I have looked at answers for this already, but when I try any of them, my search still shows the unmasked data.
Sample data:
10.98.112.52 - myid [06/Oct/2015:09:42:39 -0400] "GET /mySeal/VUEIT/myPortal/ApplicationSelection/CheckDeatilsSSN?SSN=123-45-6789&TAXID=&RecipientType=Agent&_= HTTP/1.1" 200 22
Tried the following:
props.conf:
[source::WebProxy]
TRANSFORMS-anonymize = ssn-web-anonymizer
transfoms.conf:
[ssn-web-anonymizer]
REGEX = (?m)^(.*)SSN=\d\d\d\-\d\d\-\d\d\d\d(\&.*)$
FORMAT = $1SSN=###-##-####$2
DEST_KEY = _raw
Also tried:
props.conf:
[source::WebProxy]
SEDCMD-hidessn=s/(SSN=\d{3})\-(\d{2})\-(\d{4})/SSN=xxx\-xx\-xxxx/g
What am I doing wrong?
Again I need the data masked no matter where the search is being done.

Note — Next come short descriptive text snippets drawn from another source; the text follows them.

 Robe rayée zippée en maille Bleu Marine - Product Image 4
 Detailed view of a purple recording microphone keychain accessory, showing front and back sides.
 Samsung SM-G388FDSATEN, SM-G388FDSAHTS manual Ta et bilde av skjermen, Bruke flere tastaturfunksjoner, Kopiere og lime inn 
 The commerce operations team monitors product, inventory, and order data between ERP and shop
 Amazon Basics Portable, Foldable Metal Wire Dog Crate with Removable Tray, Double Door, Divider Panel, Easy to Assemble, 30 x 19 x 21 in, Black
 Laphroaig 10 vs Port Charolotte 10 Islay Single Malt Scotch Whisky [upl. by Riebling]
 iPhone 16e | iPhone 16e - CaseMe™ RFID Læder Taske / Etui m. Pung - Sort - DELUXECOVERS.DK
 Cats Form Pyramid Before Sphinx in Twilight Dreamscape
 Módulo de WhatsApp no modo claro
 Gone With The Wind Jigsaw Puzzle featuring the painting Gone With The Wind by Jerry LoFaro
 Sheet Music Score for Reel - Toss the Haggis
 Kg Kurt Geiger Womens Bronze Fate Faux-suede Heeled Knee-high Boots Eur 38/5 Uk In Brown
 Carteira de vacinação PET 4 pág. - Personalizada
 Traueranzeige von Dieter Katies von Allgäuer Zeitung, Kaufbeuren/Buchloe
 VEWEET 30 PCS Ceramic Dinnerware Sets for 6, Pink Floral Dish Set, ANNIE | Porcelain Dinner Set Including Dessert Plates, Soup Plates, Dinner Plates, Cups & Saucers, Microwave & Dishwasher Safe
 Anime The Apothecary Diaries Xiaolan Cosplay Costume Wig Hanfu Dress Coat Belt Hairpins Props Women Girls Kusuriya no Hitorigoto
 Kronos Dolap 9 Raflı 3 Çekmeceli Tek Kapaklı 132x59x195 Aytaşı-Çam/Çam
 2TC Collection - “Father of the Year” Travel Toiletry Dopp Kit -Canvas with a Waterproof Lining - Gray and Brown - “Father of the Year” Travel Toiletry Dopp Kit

Data that has already been indexed in Splunk is immutable. If this were not so, Splunk would be fairly useless for compliance purposes. The best that you can do is to use the delete
command to hide the data (as I said, it is immutable so it doesn't really get deleted but it does become unsearchable). You could use roles
to limit who has access to the data.
One other crazy idea is to manually modify the data and then reindex it by sending into a Summary Index using the collect
command and then use both indices in your searches until the data ages out like this:
index=normal_index OR index=my_SI_hack ...
This has the benefit of not costing you any license so you could slam 11 months of backlog in and not go over (and then delete
the original events).
Did this explain what you were seeing?
Again I need the data masked for already indexed data no matter where or how the search is being done.
It seems if this is not possible I would have to delete all data for the past 11 months and that really is not an acceptable option.
Both your solution works fine for me. Did you make this changes to Indexer/Heavy forwarder and restarted the SPlunk instance in them??
Also, this will mask any future data only, historical data will remain as it is.